§ **To do**
Quote these lines exactly: the one that holds "رمز پایداری انقلاب" and every line after it to the end of the material below. Skip pictures.

§ **Material shown**
++++++++++++++++++++

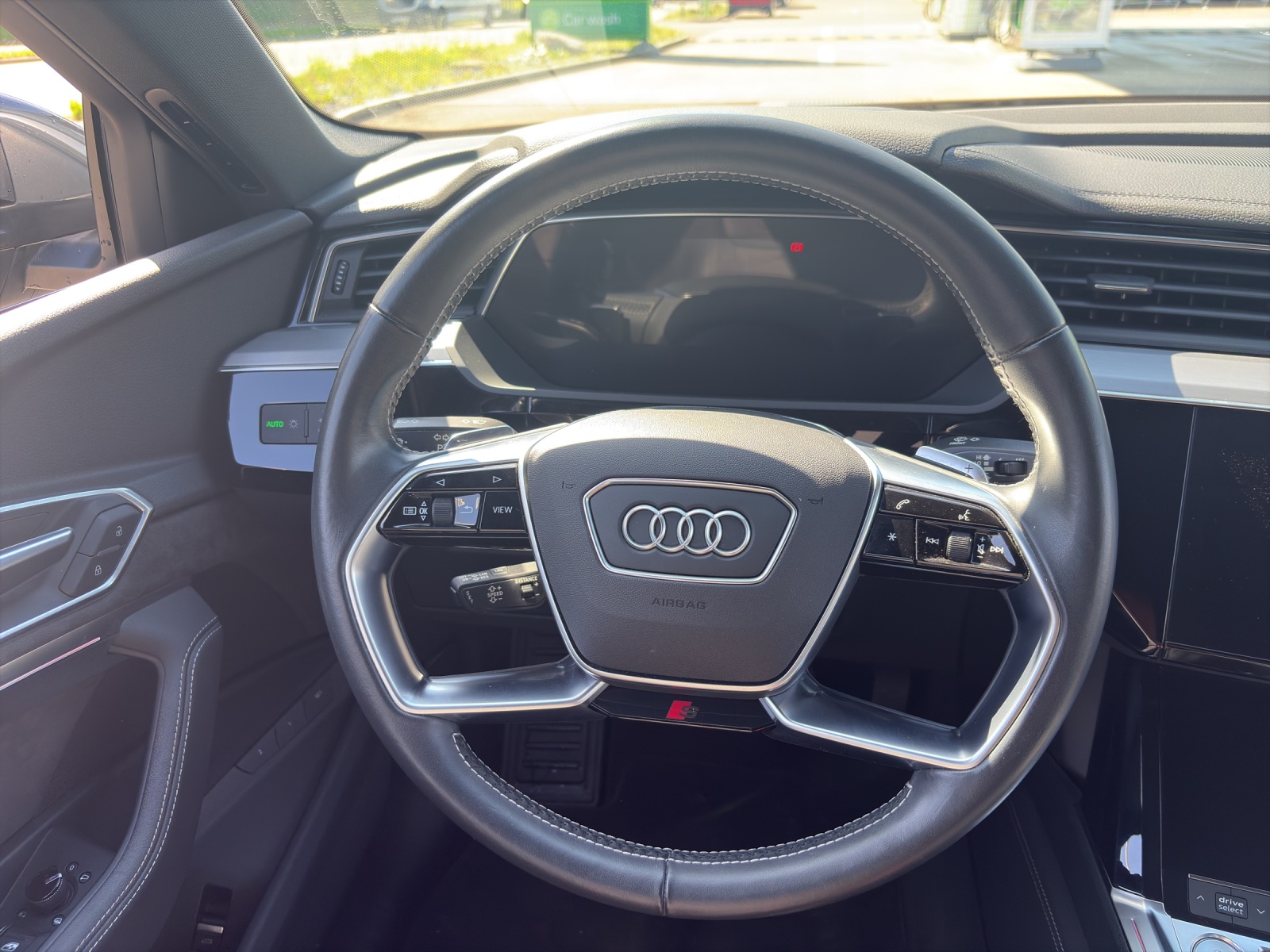 AUDI e-tron Sportback 50 Advanced quattro-image-11
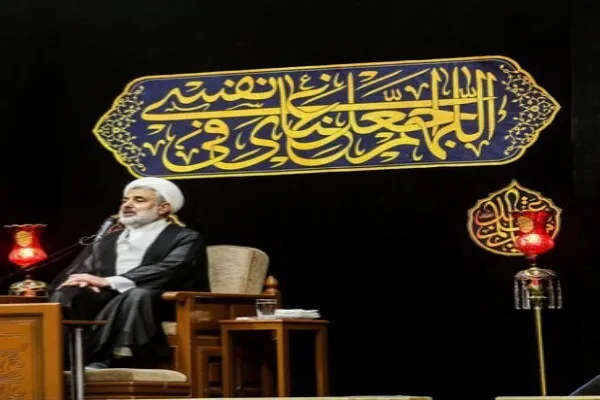 رمز پایداری انقلاب اسلامی در پیوند عمیق ملت با رهبری نهفته است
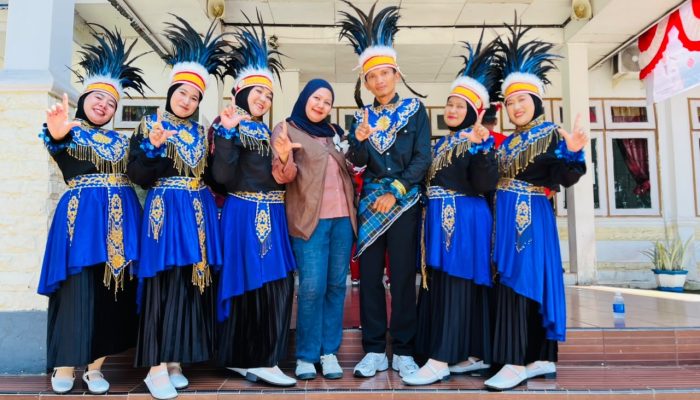 Meriahkan HUT RI ke-81, Pemdes Pasi-Pasi Tampil Semarak di Lomba Sambung Lirik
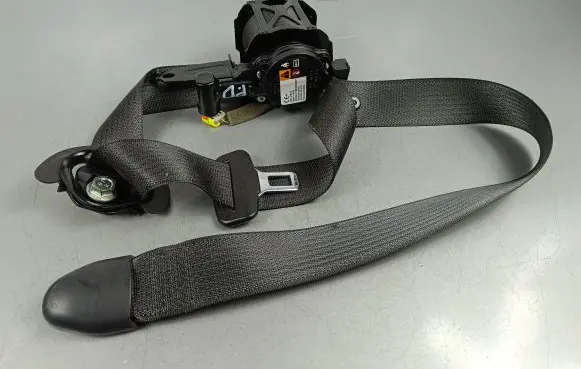 SsangYong Musso Front seatbelt 0589P1000428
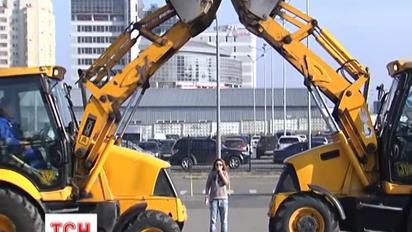 У Києві відбулося шоу екскаваторів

++++++++++++++++++++

§ **Reply**
 رمز پایداری انقلاب اسلامی در پیوند عمیق ملت با رهبری نهفته است
 Meriahkan HUT RI ke-81, Pemdes Pasi-Pasi Tampil Semarak di Lomba Sambung Lirik
 SsangYong Musso Front seatbelt 0589P1000428
 У Києві відбулося шоу екскаваторів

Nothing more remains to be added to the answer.